Interestingly, the Bible has quite a bit to say about jealousy and offers guidance on how to deal with it:

  1. Be aware of jealousy. It may be normal to have jealous thoughts, but it is not a positive emotion to nurture! Because jealousy creeps up from insecurity, it should not be fueled. Instead, identify the source of insecurity and what is driving those feelings. Realize that this emotion fights against trusting God.  James 3:14-15 warns us, “But if you have bitter jealousy and selfish ambition in your hearts, do not boast and be false to the truth. This is not wisdom that comes down from above, but is earthly, unspiritual, demonic.”
  2. Stop thinking about jealous feelings. This will only lead to anger and revenge. Proverbs 6:34 tells us, “For jealousy makes a man furious, and he will not spare when he takes revenge.” Therefore, we need to take jealous thoughts captive. Grab those thoughts, find our security in Christ, and confront the issues that are prompting these feelings. Ruminating on jealous thoughts fuels anger.

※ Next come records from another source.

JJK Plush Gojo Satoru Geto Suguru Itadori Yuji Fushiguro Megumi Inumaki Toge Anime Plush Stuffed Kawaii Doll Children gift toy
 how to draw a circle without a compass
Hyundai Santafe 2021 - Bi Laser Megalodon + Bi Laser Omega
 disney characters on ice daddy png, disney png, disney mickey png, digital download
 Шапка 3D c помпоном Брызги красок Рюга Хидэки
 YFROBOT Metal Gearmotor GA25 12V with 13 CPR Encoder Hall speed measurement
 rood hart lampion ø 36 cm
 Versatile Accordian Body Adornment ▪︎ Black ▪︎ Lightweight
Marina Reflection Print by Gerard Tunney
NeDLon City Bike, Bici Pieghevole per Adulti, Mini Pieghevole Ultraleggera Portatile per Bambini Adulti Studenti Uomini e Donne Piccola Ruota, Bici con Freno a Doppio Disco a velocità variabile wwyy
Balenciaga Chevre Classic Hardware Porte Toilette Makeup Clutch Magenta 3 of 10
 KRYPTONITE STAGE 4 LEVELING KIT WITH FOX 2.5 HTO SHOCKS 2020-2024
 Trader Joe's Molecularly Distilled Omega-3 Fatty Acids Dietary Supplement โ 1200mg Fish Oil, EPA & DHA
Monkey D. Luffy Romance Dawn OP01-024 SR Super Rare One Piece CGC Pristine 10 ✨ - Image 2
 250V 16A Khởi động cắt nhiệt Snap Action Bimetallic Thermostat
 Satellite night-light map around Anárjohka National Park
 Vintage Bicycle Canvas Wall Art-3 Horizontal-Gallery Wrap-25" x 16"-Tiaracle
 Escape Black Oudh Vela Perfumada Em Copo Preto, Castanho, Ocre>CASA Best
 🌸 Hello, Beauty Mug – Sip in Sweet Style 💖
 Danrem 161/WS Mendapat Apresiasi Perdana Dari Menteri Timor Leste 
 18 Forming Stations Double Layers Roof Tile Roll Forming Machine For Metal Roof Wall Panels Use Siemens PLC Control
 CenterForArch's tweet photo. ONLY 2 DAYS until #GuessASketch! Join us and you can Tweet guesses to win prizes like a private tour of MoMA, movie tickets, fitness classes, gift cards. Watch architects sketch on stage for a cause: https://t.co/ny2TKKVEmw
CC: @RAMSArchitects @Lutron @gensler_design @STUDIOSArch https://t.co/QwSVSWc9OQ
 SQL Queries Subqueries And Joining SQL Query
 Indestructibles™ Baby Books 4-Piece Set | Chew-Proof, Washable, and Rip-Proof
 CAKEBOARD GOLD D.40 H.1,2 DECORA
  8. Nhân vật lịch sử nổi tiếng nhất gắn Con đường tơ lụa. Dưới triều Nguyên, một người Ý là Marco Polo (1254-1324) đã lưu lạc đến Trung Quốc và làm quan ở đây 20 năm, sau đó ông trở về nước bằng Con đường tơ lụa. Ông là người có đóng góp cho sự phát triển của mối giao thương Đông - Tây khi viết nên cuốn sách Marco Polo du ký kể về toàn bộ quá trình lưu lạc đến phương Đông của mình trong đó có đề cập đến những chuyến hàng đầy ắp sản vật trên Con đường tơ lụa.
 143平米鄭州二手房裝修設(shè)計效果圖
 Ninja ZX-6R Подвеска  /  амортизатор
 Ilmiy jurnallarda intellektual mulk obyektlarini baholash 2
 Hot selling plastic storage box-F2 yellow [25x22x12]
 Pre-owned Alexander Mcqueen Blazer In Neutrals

  3. Do not act on jealous feelings. Romans 13:13 Let us walk properly as in the daytime, not in orgies and drunkenness, not in sexual immorality and sensuality, not in quarreling and jealousy. Once we recognize jealous thoughts, take them captive and don’t allow them to fuel anger and revenge, our actions change. Here is an example. Sally is jealous of her husband’s new administrator who is quite attractive. Sally recently had a baby and feels insecure about her physical attractiveness. Yet her husband shows no signs of lacking interest in her. Sally identifies her jealous thought towards the administrator. She realizes it has everything to do with how insecure she feels about her own body. Then she takes that thought captive, “I’ve just had a baby. My body is bouncing back. It isn’t what it was, but that is normal and doesn’t mean my husband will look at other women. There is no evidence that my husband is interested in this woman. I need to talk to him and be reassured.” Sally talks to her husband who reassures her that he finds her even more attractive as a mom and will honor his vow to be faithful to her. Sally felt reassured. Her willingness to talk it out helped her overcome jealous feelings. She did not allow those feelings to take hold and do harm.

When you have a jealous feeling, be aware, know that it is based in insecurity, take the thought captive and replace it with the truth of your security in Christ, and talk it out so you don’t act on those feelings.